## WHAT YOU SHOULD DO
Quote these lines exactly: the one that holds "50 Packs Square" and every line after it to the end of the material below. Skip pictures.

[MATERIAL FOR THE TASK]

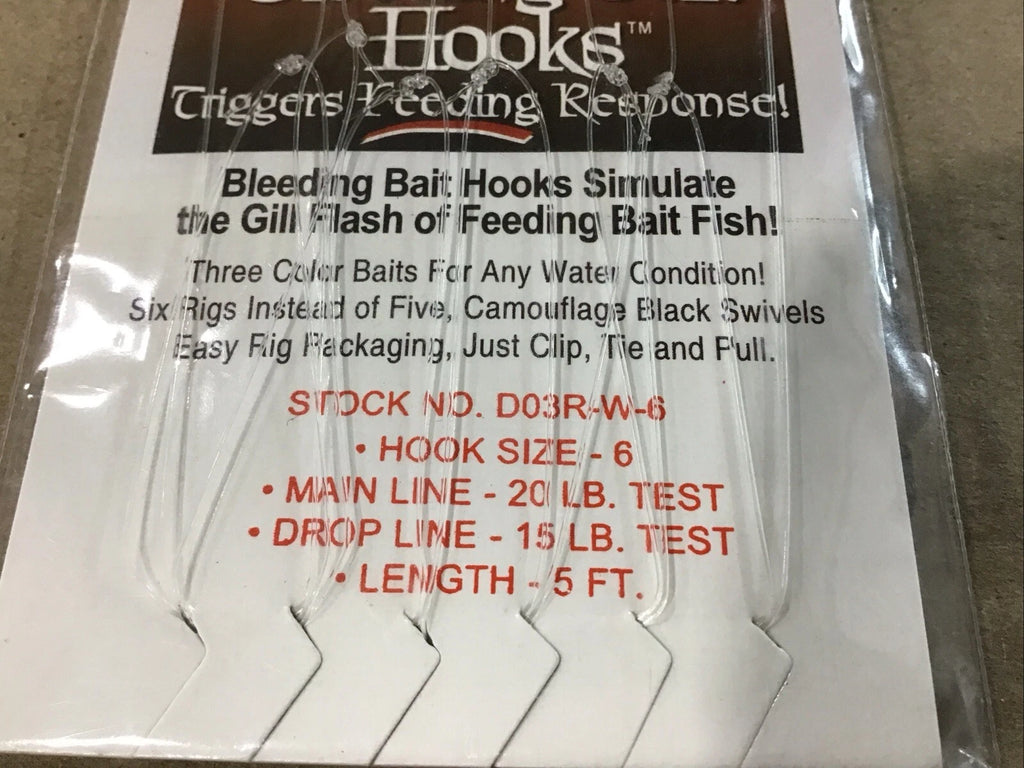 Set of 6 Daiichi Bleeding Sabiki Rig Red Head/White Size 6 D03R-W6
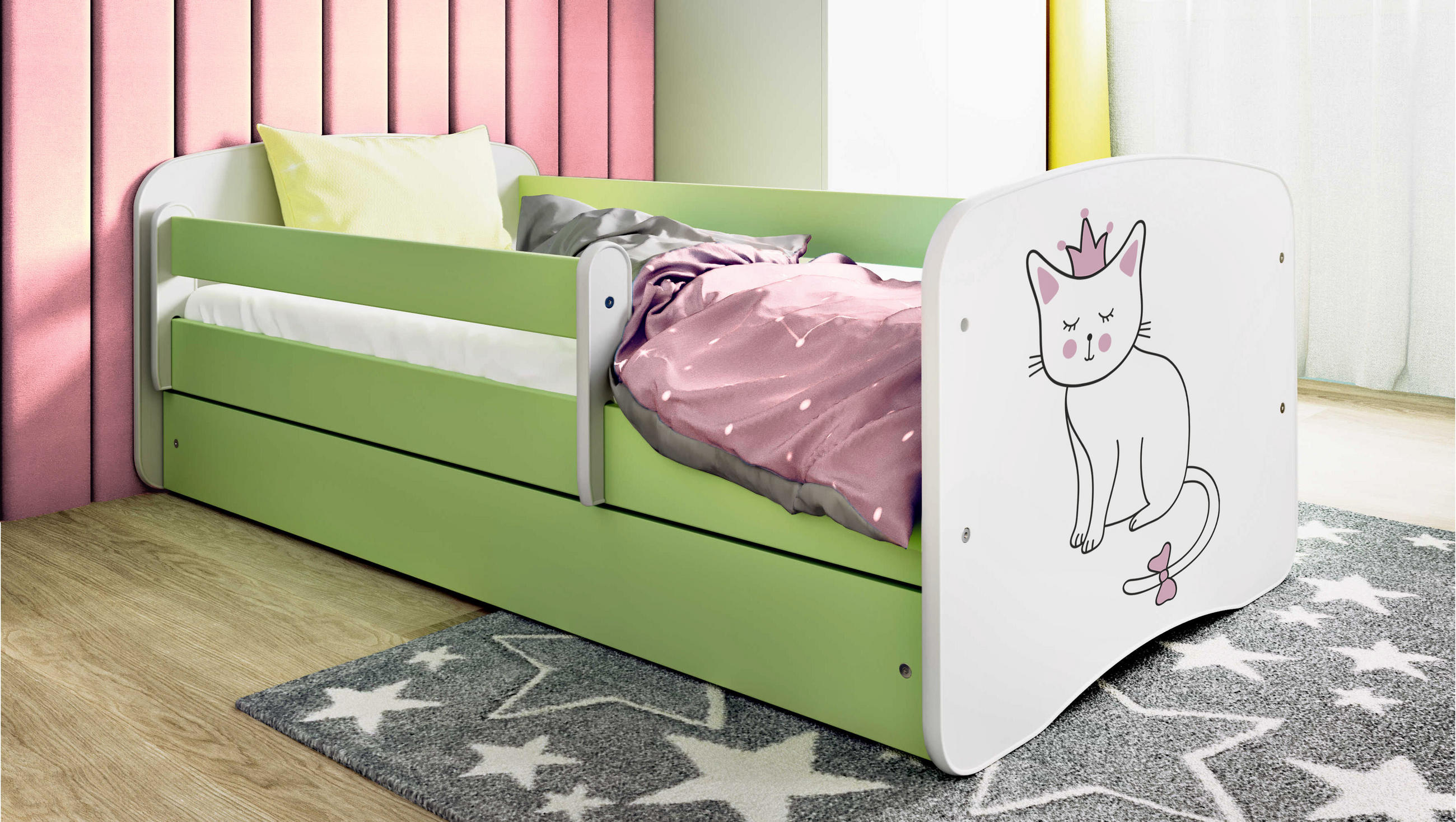 KINDERBETT Katze mit Schublade 140/70 80/61/144 - Grün, Holzwerkstoff (70/140cm) - RAUMHIRSCH FURNITURE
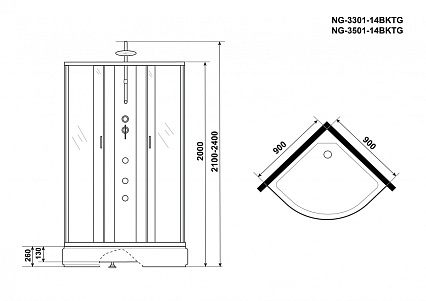 Душевая кабина Niagara NG 3301-14BKTG 90x90 стекло матовое, без крыши, тропический душ, гидромассаж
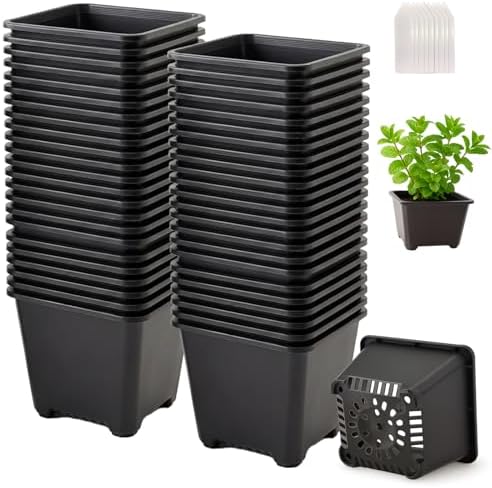 50 Packs Square Nursery Pots for Plants 4.7 Inch Seedling Pots with Holes by Unknown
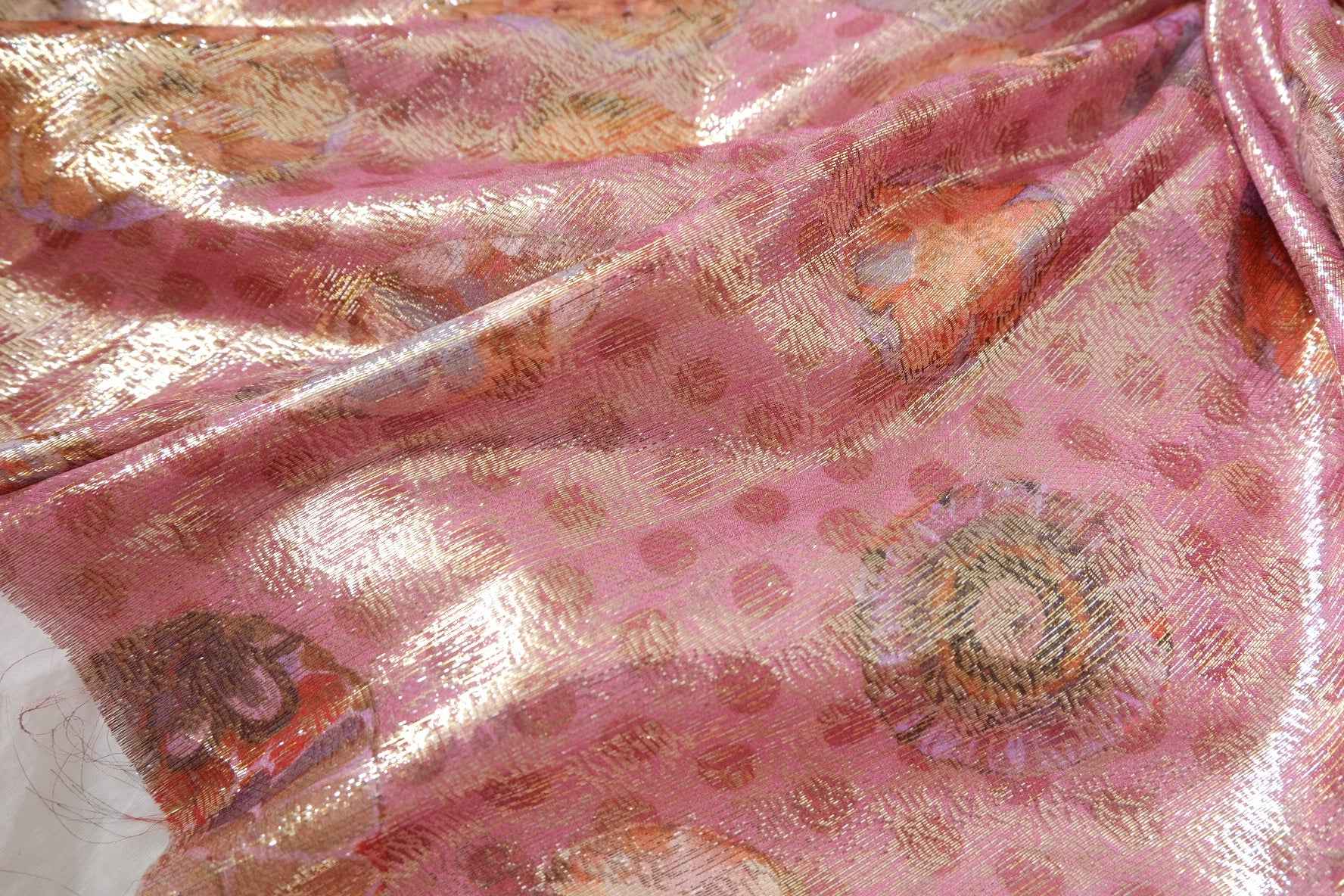 Metallic Rose Silk Statement Fabric - 3.28 yd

[/MATERIAL FOR THE TASK]

## EXPECTED ANSWER
 50 Packs Square Nursery Pots for Plants 4.7 Inch Seedling Pots with Holes by Unknown
 Metallic Rose Silk Statement Fabric - 3.28 yd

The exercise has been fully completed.